According to renowned Psychologist Erik Erikson’s theory of development, older teenagers and young adults are in the stage of Identity vs. Role Confusion. During this stage, adolescents have either committed to a set of morals and ideas about themselves that they can relate with others and have thus successfully developed an identity, or are unsatisfied with their self-image and confused about how they relate to the rest of the world.  When the latter is the case an identity crisis generally occurs. There are four statuses in relation to identity crisis that an individual can hold: diffusion, foreclosure, moratorium, and identity achievement (Sigelman, 358-359). In Elif Shafak’s The Bastard of Istanbul, Armanoush, the daughter of an Armenian-American father, and a small town, American mother, goes through an extensive identity crisis that spans through all the identity statuses and leads her across the world and into the past to find her true self.

Being a child of resentful, divorced parents, Armanoush spent her entire life being passed back and forth between Arizona, where her overbearing, flighty mother and Turkish stepfather lived, and San Francisco, where her father and his huge, interfering, Armenian family lived. Because each side was vastly different and demanding, Armanoush was forced to continuously change her identity to appease both sides. For example, concerning her dating life, “Armanoush had tried to date Armenian boys in San Francisco and anyone but them when she was in Arizona” (Shafak, 92). Because of these differing expectations, she was never able to choose her own identity for herself but rather, accepted the identity bestowed upon her by her parents and family. At this point Armanoush is in the foreclosure status, briefly committing to whatever identity the side of her family she is with wants at the time.  However, because she goes back and forth so often, she is never able to fully commit to either. When she was young and only concerned with pleasing her family, and not with figuring out who she really was, Armanoush could also be said to have been in the diffusion stage, not entirely committed to one single identity, but not having experienced an identity crisis yet (Sigelman, 359).

As Armanoush gets older, however, she realizes how unfulfilled she is with her lack of a complete identity and begins experiencing an identity crisis. “Because of her fragmented childhood, she had still not been able to find a sense of continuity and identity” and she decides that it is time for her to search for herself on her own, coming to the conclusion that “she had to make a journey to her past to be able to start living her own life” (Shafak, 116). Armanoush realizes that she has been living the Janissary’s Paradox (Shafak, 114), abandoning her Armenian community in order to make peace with her mother, and abandoning her American heritage in the presence of her Armenian family.  She questions her Armenianess and chooses to explore this identity by traveling to Istanbul, the birthplace and home of her grandmother before the Armenian Genocide and diaspora, knowing that the answers she seeks can only be discovered in the past.  Once there, Armanoush stays with her step-father’s Turkish family and searches the city for any remnants of her Armenian ancestors.  At this time, she is in going through the moratorium status, which is evident in the fact that she is undergoing an identity crisis and is actively pursuing different identity roles (Sigelman, 358).

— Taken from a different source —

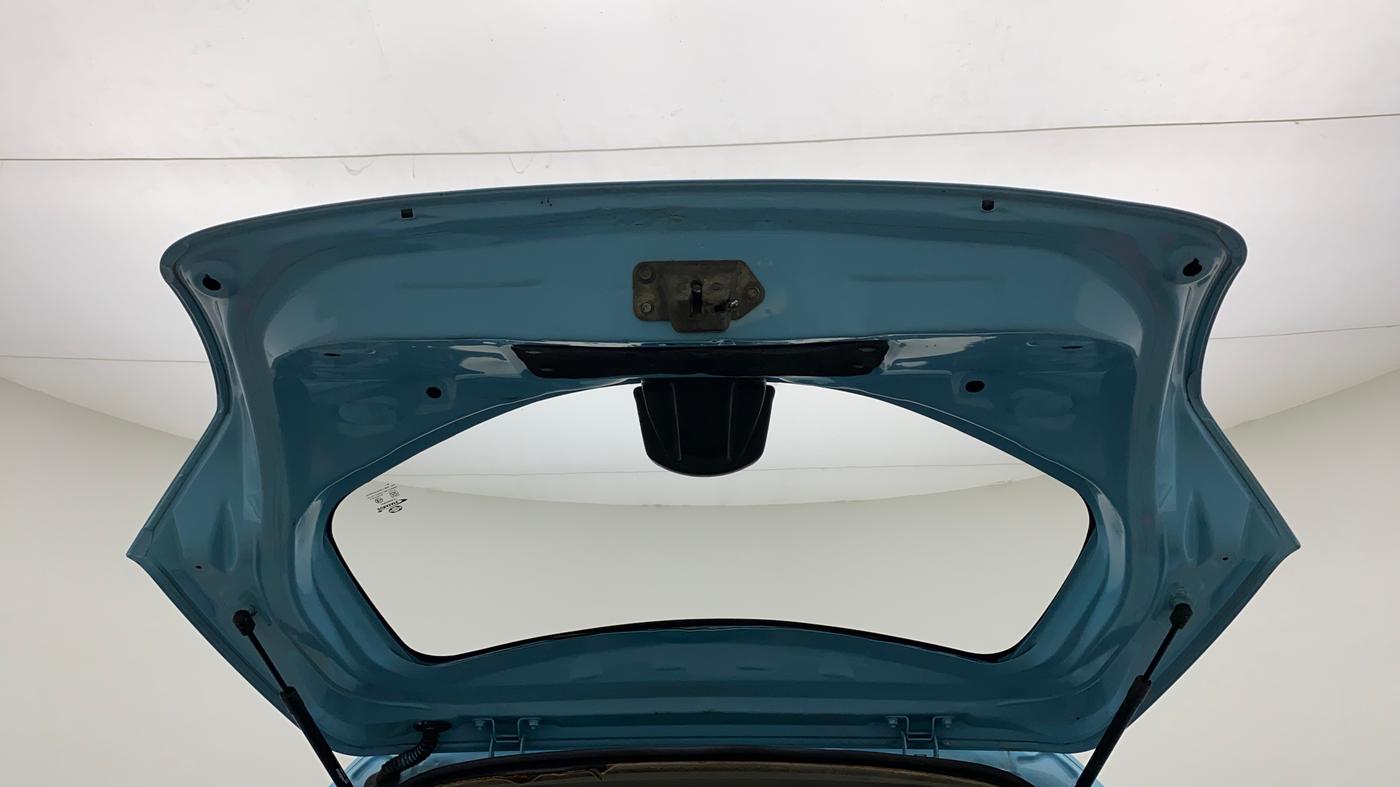 2014 Datsun Go D, Petrol, Manual, 97,917 km, Boot Door Open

When Armanoush is unable to find any traces of her Armenian family in Istanbul she takes mainly to interacting with the Turks and comparing herself to them. She finds that they are similar in many ways, including cuisine and traditions, yet they differ drastically on their interpretations of the past.  Armanoush, who grew up being told the precise details of her family’s history in the Armenian Genocide, is concerned with the past and believes it directly influences her, which is why she looks to it to find herself. However, when she tells the Turks about the injustices suffered by her people because of their ancestors she is met with disbelief and denial. Because the Turks view the past as a separate time, not continuous with the present, they can sympathize with her but are unable to feel personally responsible for what their people did, that is, if they even admitted that the genocide actually occurred. This difference of opinion helps Armanoush solidify her identification with her Armenian past, stating on her Armenian online chat room, “I have never felt more Armenian in my life. You see, for me to fully experience my Armenianess, I had to come to Turkey and meet the Turks” (Shafak, 182). Nonetheless, Armanoush develops a strong affection for the Turkish family she is staying with and begins to better understand them.  She is finally able to see the beauty in the city that exiled her family so long ago.

It was precisely then that Armanoush felt the pulse of the city for the first time since she had arrived in Istanbul. It had just hit her why and how people could fall in love with Istanbul, in spite of the sorrow it might cause them. It would not be easy to fall out of love with a city this heartbreakingly beautiful (Shafak, 257).

By showing Armanoush that not all Turks are the arrogant, self-righteous people her father’s family describes them as and helping her discover and experience the city of her ancestors, the Turkish family is able to help her reconcile her past while affirming her identity as a proud Armenian. During this time, Armanoush successfully reaches the status of identity achievement by resolving her identity crisis and committing to a particular set of beliefs and values (Sigelman, 360).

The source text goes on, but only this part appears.